Pensemos en el caso ecuatoriano: veinte constituciones llenas de cambios cosméticos, al menos en lo institucional: fracaso tras fracaso, refundación tras refundación, para que luego nos miremos entre nosotros sorprendidos por los resultados finales. Hacer siempre las mismas cosas esperando resultados diferentes es una empresa de locos (bien valga el parafraseo de la frase atribuida a Einstein). Por eso, tal vez merezca la pena discutir sobre la necesidad de un cambio de modelo (no solamente de un cambio de presidente, de régimen o de partido): uno que reduzca la probabilidad de que nazcan nuevos caudillos, de que se hagan de todos los poderes; en fin, de que reproduzcan la sempiterna historia de nuestro continente.
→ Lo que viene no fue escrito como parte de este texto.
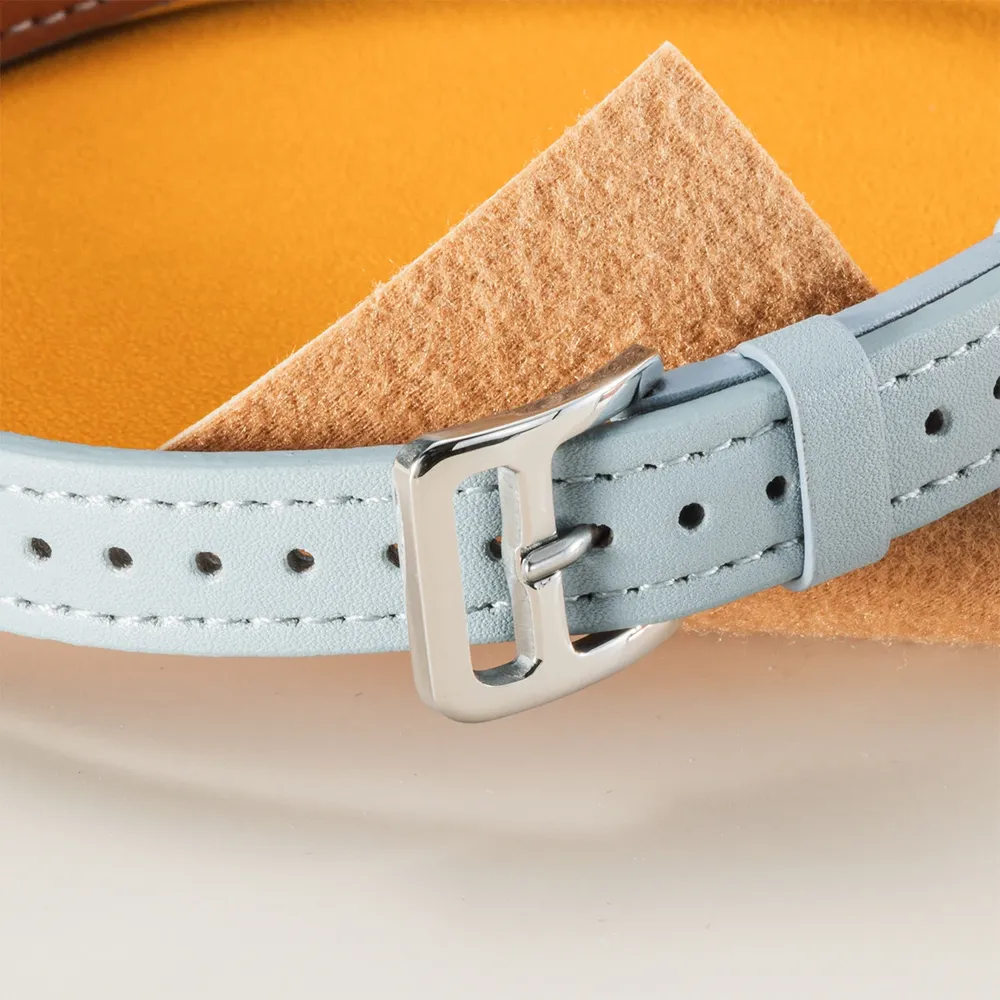 Bracelet cuir double tour 38 à 49 mm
Propongo que en la próxima Asamblea Constituyente (desde hace rato circulan propuestas al respecto, y basta nada más ceñirse a la historia del país para saber que alguna se instalará) se adopte un modelo distinto al presidencialista, sea semi-presidencial, sea parlamentario. Nos costará algo de tiempo adaptarnos, pero ya es hora de que busquemos otras opciones. Está de más decir que en esta sede me sería imposible proponer un diseño institucional bien delimitado, por eso solamente pretendo dejar planteado el tema con la esperanza de que sea materia de discusión y debate. En algún punto tendremos que dejar de correr en círculos.